*** Opening of Record set ***

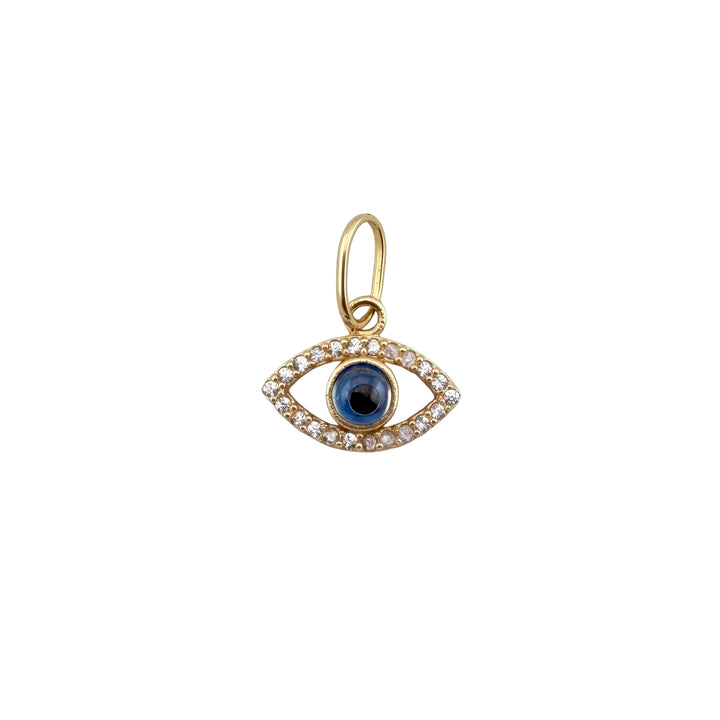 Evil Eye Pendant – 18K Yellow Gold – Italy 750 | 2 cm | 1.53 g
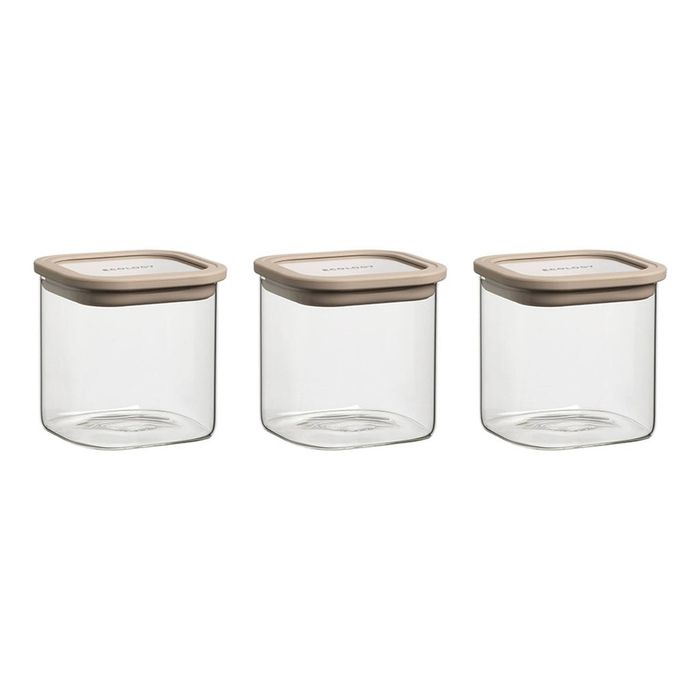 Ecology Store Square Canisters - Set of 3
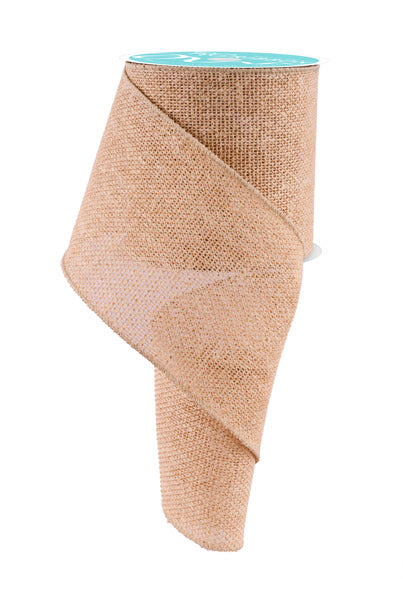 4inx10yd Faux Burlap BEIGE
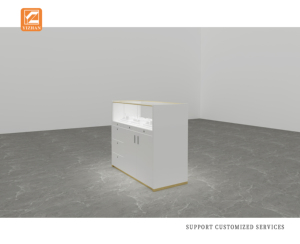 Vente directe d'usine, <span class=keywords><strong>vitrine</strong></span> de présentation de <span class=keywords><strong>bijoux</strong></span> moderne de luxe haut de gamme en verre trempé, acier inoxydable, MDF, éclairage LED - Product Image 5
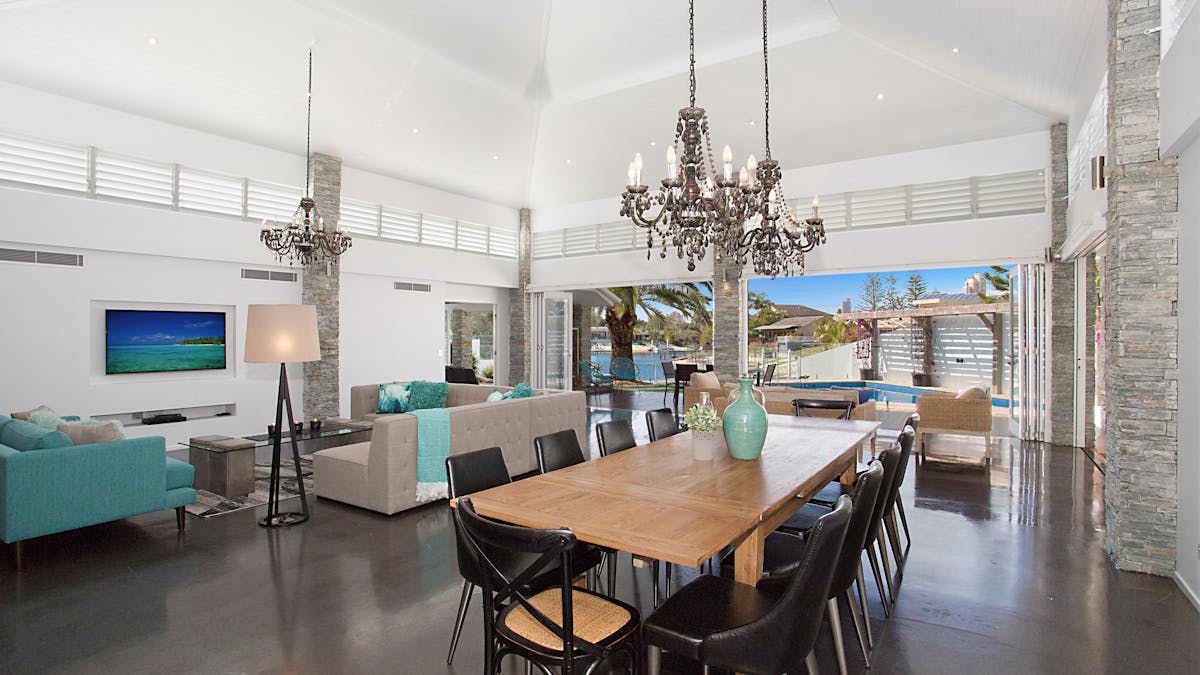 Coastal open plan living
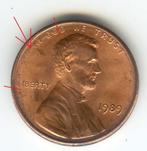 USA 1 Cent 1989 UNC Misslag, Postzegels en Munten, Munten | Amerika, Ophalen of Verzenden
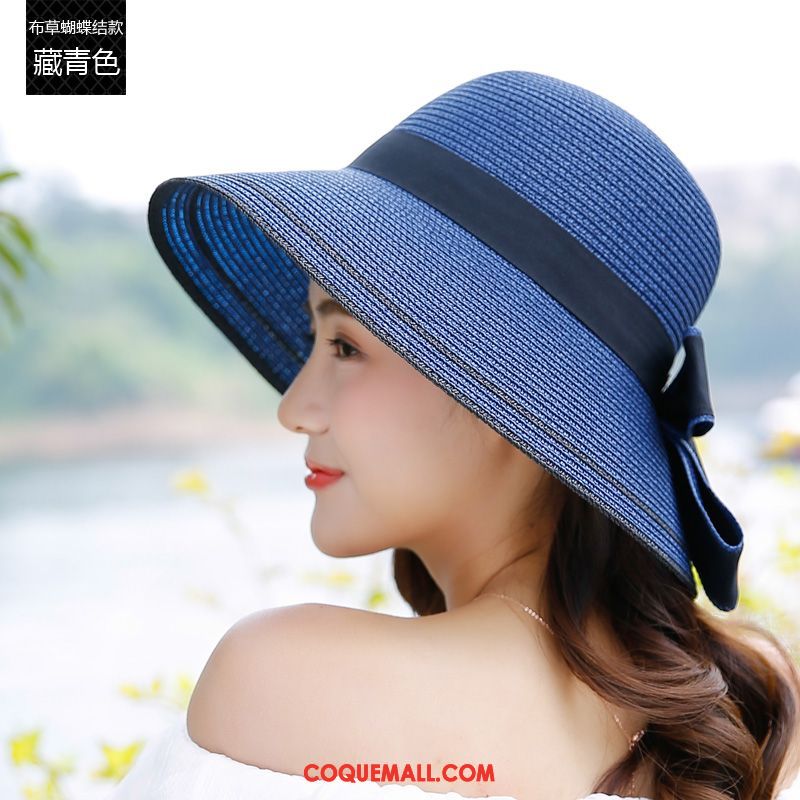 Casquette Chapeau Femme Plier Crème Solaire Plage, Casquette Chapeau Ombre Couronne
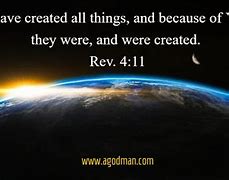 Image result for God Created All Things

*** Close of Record set ***

> **What this task involves**
Write out each entry word for word, images excluded.

> **Answer space**
 Evil Eye Pendant – 18K Yellow Gold – Italy 750 | 2 cm | 1.53 g
 Ecology Store Square Canisters - Set of 3
 4inx10yd Faux Burlap BEIGE
 Vente directe d'usine, <span class=keywords><strong>vitrine</strong></span> de présentation de <span class=keywords><strong>bijoux</strong></span> moderne de luxe haut de gamme en verre trempé, acier inoxydable, MDF, éclairage LED - Product Image 5
 Coastal open plan living
 USA 1 Cent 1989 UNC Misslag, Postzegels en Munten, Munten | Amerika, Ophalen of Verzenden
 Casquette Chapeau Femme Plier Crème Solaire Plage, Casquette Chapeau Ombre Couronne
 Image result for God Created All Things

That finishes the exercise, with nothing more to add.